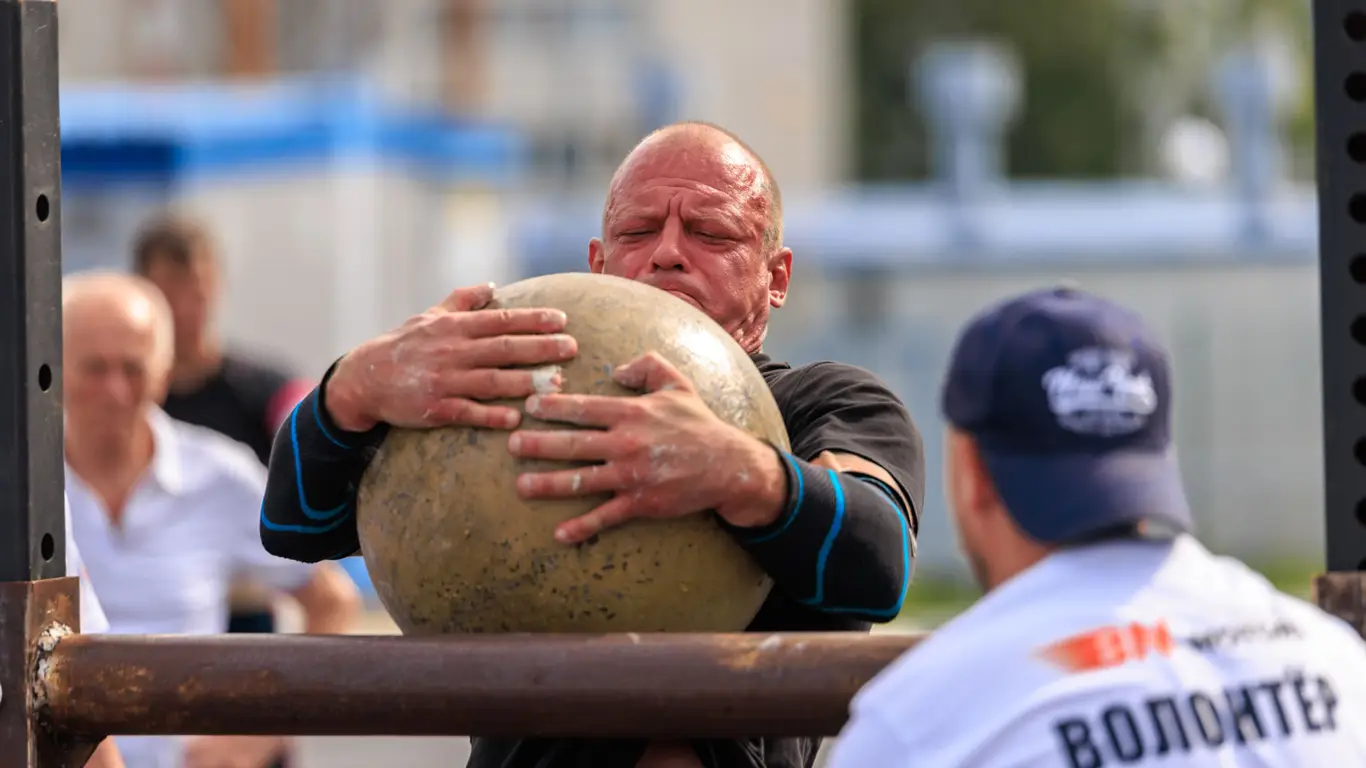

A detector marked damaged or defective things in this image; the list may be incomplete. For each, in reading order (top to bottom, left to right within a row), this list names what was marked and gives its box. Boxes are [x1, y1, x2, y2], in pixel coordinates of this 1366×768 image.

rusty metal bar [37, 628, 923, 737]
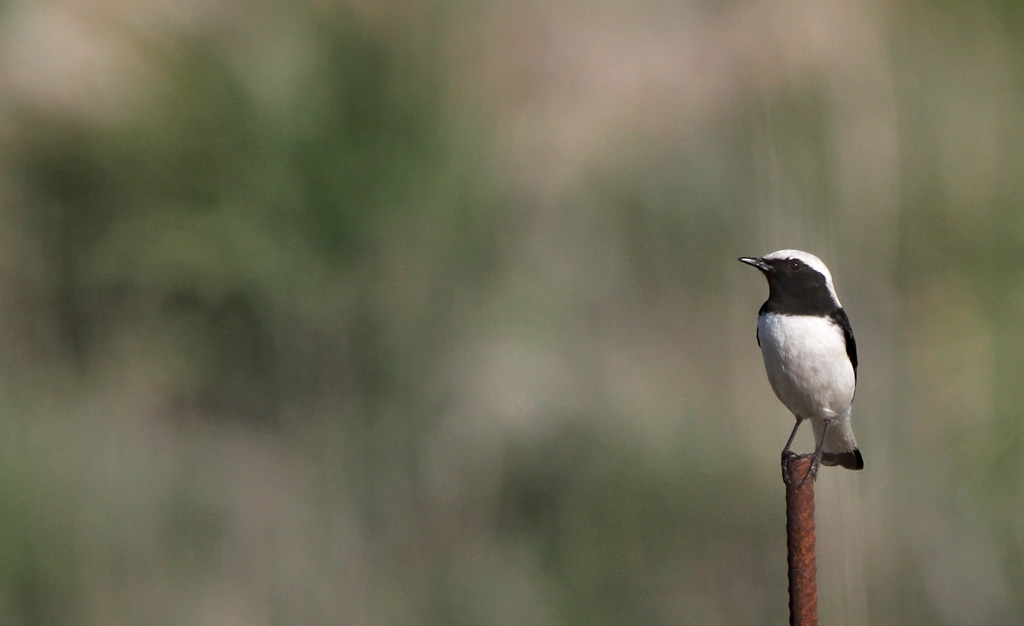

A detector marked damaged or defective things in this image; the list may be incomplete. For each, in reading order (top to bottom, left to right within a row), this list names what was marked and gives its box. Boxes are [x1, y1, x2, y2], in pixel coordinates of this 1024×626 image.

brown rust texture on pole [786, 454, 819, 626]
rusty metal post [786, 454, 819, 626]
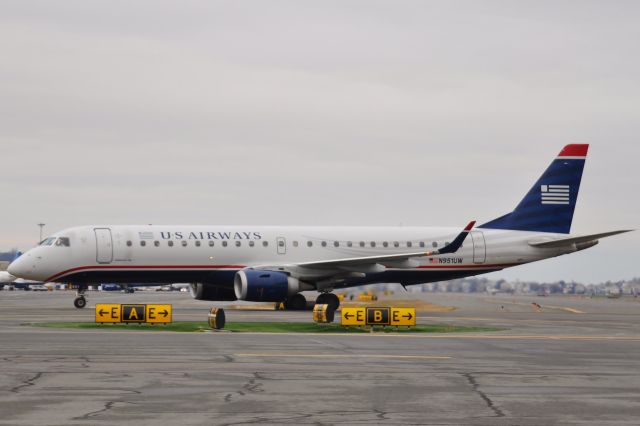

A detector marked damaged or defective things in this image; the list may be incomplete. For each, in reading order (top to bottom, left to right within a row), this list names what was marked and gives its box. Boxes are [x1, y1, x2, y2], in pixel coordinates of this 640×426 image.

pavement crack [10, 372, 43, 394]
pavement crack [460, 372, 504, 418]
=======
All lines from the line with "this 1024×626 image." through the final line of the data, both included, are to be repeated exactly; no other lines and no pictures.

A detector marked damaged or defective things in this image; the list may be incomplete. For each, in reading order (top to bottom, left to right within a row), this list names what was marked and gives its box. Boxes are [x1, y1, x2, y2], in pixel coordinates of this 1024×626 image.

brown rust texture on pole [786, 454, 819, 626]
rusty metal post [786, 454, 819, 626]

A detector marked damaged or defective things in this image; the list may be incomplete. For each, in reading order (top to bottom, left to right within a row), this list names what was marked and gives its box. Boxes are [x1, y1, x2, y2], in pixel coordinates of this 640×426 image.

pavement crack [10, 372, 43, 394]
pavement crack [460, 372, 504, 418]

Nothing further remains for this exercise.